If you’re adding a new dependency, and you want that dependency to be able to be installed later without touching the ‘net, you need to download it first, and then install it from that download. For example, if I wanted to include Django, I’d do this:
pip install --no-install --no-input --use-mirrors -I --download=$SDIST_DIR django
Which will put a file named something like Django-1.4.tar.gz (note the nice filename!) into $SDIST_DIR. You can then put $SDIST_DIR under version control.
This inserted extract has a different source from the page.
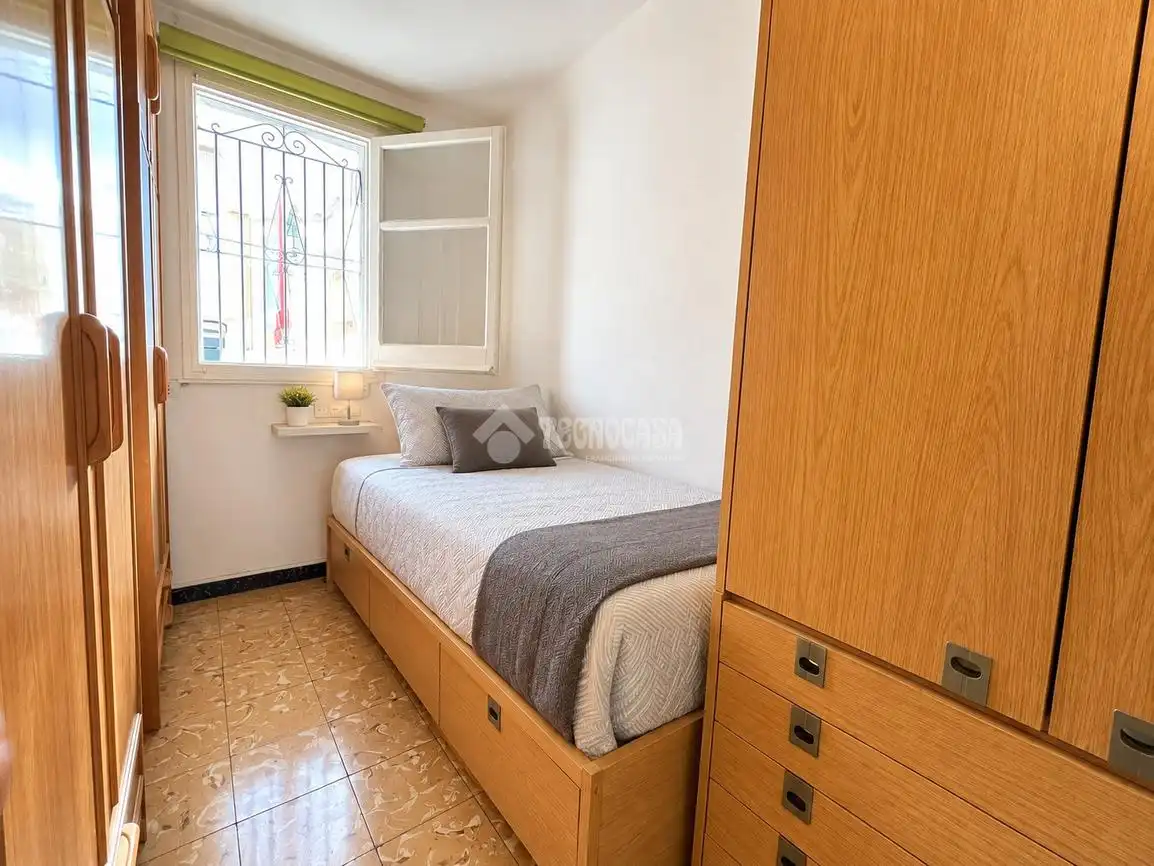 Habitación de Piso en venta en L'Hospitalet de Llobregat con Terraza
“pip install –find-links” second
Then, you can install django (or any other dependency that you’ve previously downloaded) without touching the ‘net by executing:
pip install -I --find-links=file://$SDIST_DIR --no-index --index-url=file:///dev/null django
Use requirements.txt, but not like they taught you
Unfortunately, this technique breaks “pip install -r requirements.txt”. (I don’t remember the exact details but I do remember it’s broken) But, the format of requirements.txt is simple enough that you can basically say:
for dependency in $(cat requirements.txt); do
pip install -I --find-links=file://$SDIST_DIR --no-index --index-url=file:///dev/null $dependency
Just put this into a shell script to make your life easier, which leads us to…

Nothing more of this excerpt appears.